Referring to the decisions of the Supreme Court of Oregon, we find that in that state it has been held that possession cannot be adverse to an entryman under the general land laws so long as the legal title remains in the United States. In Joy v. Stump, 14 Or. 361, 12 P. 929, it was said that possession, in order to be adverse, must be exclusive. In Altschul v. O’Neill, 35 Or. 202, 58 P. 95— a case decided before the enactment of the Code of Alaska —upon a careful and well-considered review of the authorities, it was held that to constitute adverse possession there must be, among other requisites, an entry under claim of right hostile to the true owner and to the world, and that an occupant of land cannot hold adversely while he admits the title to be in the United States; thus adopting the doctrine of the United States courts in Ward v. Cochran, 150 U.S. 597, 14 S.Ct. 230, 37 L.Ed. 1195, Henshaw v. Bissell, 18 Wall. 255, 21 L.Ed. 835, Bracken v. Union Pacific Ry. Co., 75 F. 347, 21 C.C.A. 387, and Pillow v. Roberts, 13 Flow. 472, 14 L.Ed. 228, in which it was said that possession, in order to be adverse, must be adverse to all the world. We are compelled to hold, therefore, that there was no possession of the disputed premises adverse to the plaintiff in error prior to the date of the issuance of the patent to its mining claim. If there was no adverse possession, there was no disseisin, and until disseisin the statute of limitations of Alaska could not begin to run. In United States v. Arredondo, 6 Pet. 743, 8 L.Ed. 547, the court said: “The law deems every man to be in the legal seisin and possession of land to which he has a perfect and complete title. This seisin and possession is coextensive with his right, and continues till he is ousted thereof by an actual adverse possession.”
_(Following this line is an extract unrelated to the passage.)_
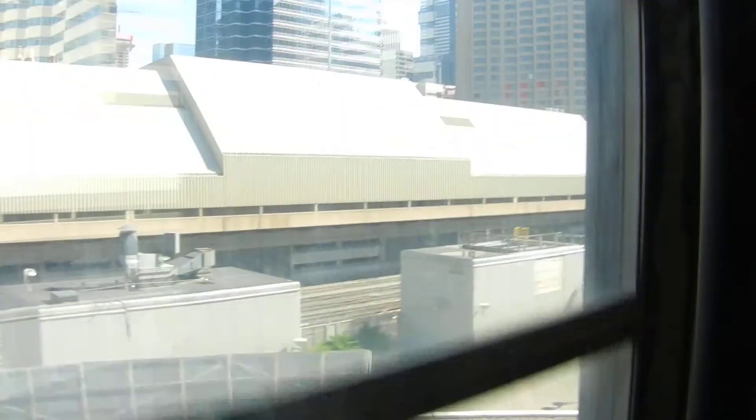Hello. Welcome to the CN Tower. Views to the front side and below your feet through the glass panels.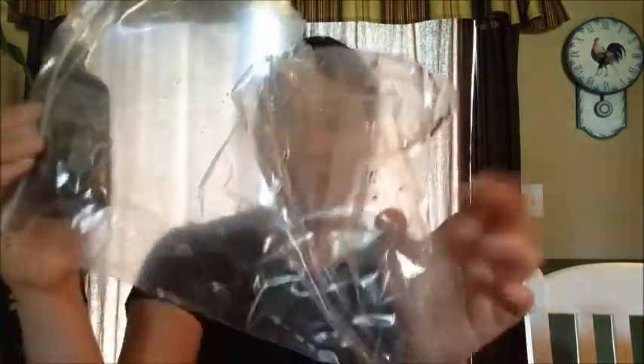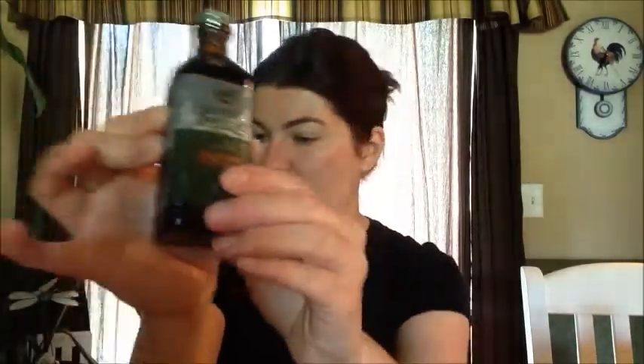I also got a Simply Organic spice but this one seems to have leaked — the label is discolored. I'll be making a replacement request for this item, which shouldn't be a problem since Vitacost has such great customer service.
The ruling of the court below in holding that the possession' of the defendant in error was adverse prior to the time of the issuance of the patent was based upon the consideration that the laws regulating the disposal of *365mineral land are essentially different from those that control the disposal of agricultural lands, and confer upon the locator of a mineral claim an estate of such a nature as to render inapplicable thereto the doctrine that the statute of limitations begins to run only from the time of the issuance of the patent. It is true that the locator of a mineral claim has, prior to the issuance of the final receiver’s receipt, a broader control over his claim, and a higher estate therein than an entryman of agricultural land. But after full compliance with all of the conditions upon which a patent is authorized to be issued, there is no perceptible difference in the two estates. In cases where the question has been presented for adjudication, the courts have uniformly held that the statute of limitations does not begin to run against the claimant of a mining claim before his patent issues. Nessler v. Bigelow, 60 Cal. 98; South End Mining Co. v. Tinney et al., 22 Nev. 221, 38 P. 401; King v. Thomas, 6 Mont. 409, 12 P. 865; Weibold v. Davis, 7 Mont. 107, 14 P. 865; Mayer v. Carothers, 14 Mont. 274, 36 P. 182; Clark v. Barnard, 15 Mont. 176, 38 P. 834; Misc. v. O’Shea, 37 Or. 231, 62 P. 491, 82 Am. St.Rep. 751.

It follows that the judgment of the court below must be reversed and the cause remanded, with instruction to enter a judgment for the plaintiff in error.